__Task details__
Look below for the line containing "Alvar Aalto, soffa, modell 544, Artek." and the line containing "The Delivery Man", then set down both and every line between them exactly, without pictures.

Data records Block Start

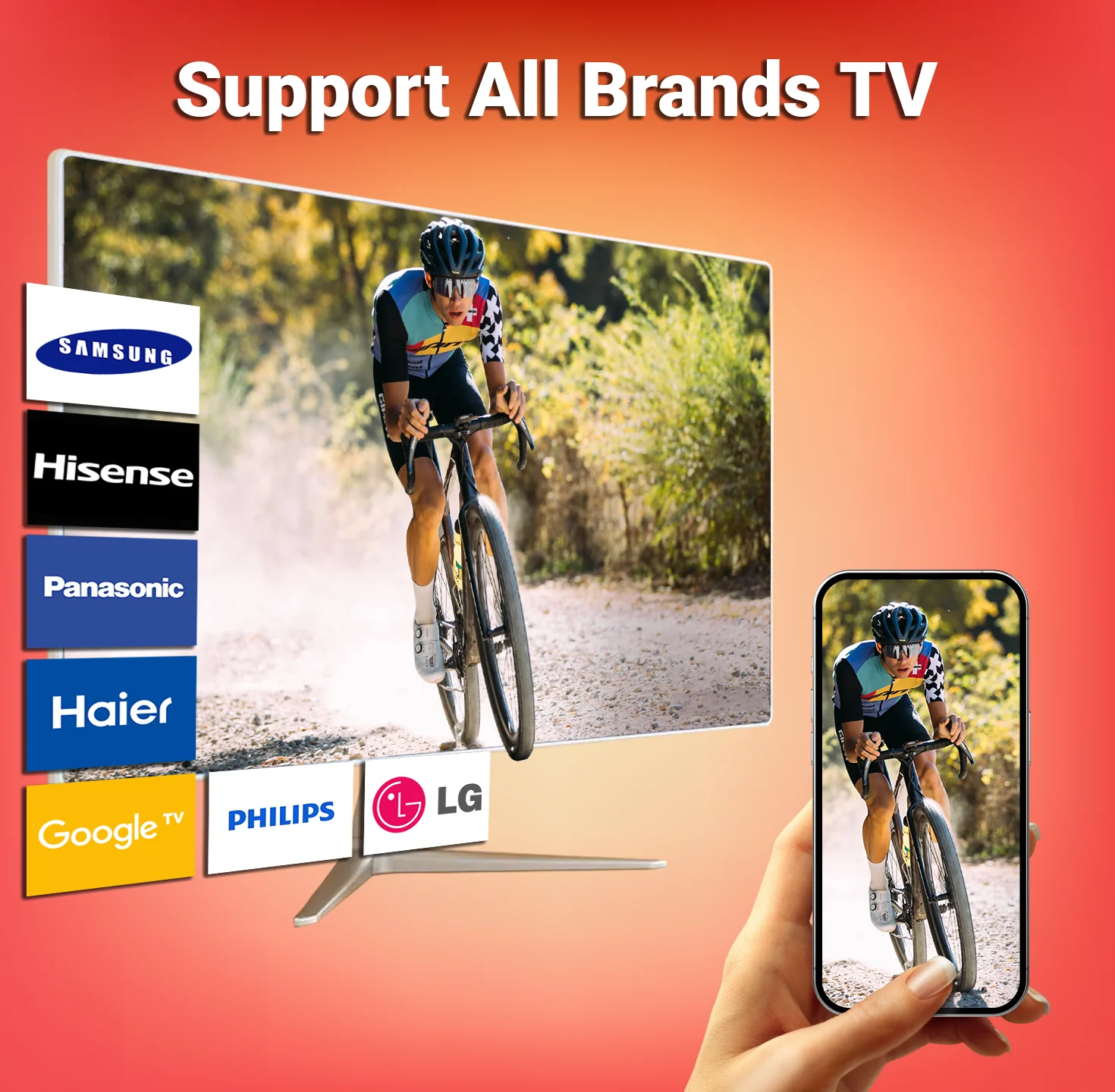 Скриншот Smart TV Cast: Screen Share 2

Data records Block End
Data records Block Start

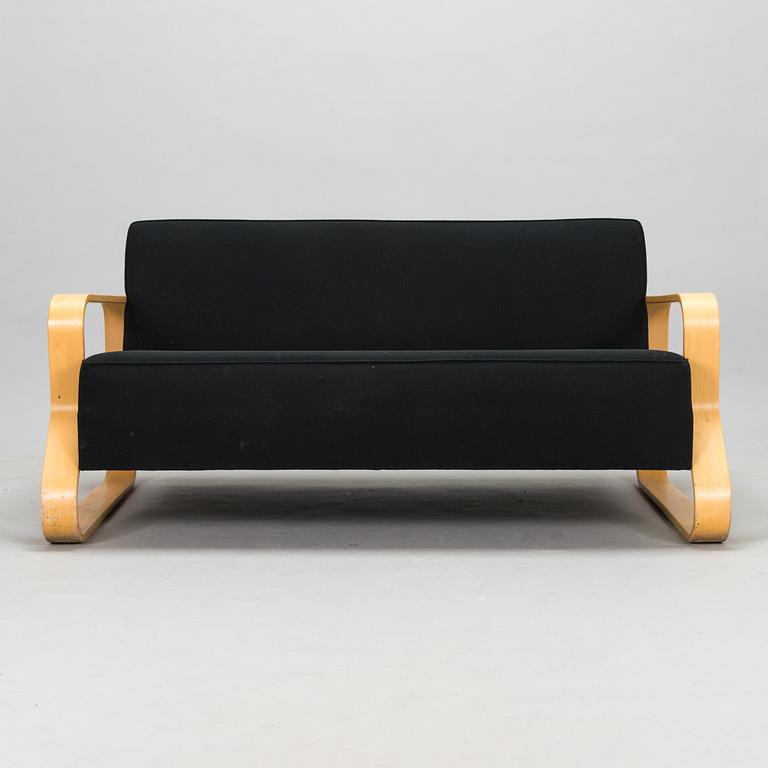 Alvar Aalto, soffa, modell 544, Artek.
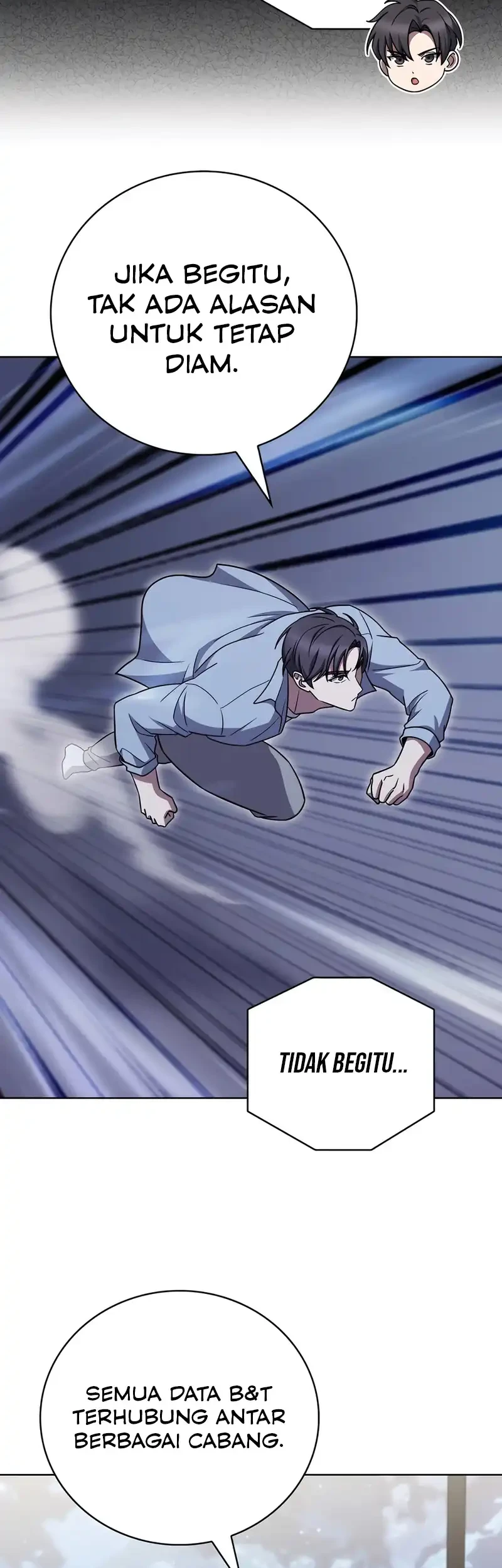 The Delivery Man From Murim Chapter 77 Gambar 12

Data records Block End

__Exercise result__
 Alvar Aalto, soffa, modell 544, Artek.
 The Delivery Man From Murim Chapter 77 Gambar 12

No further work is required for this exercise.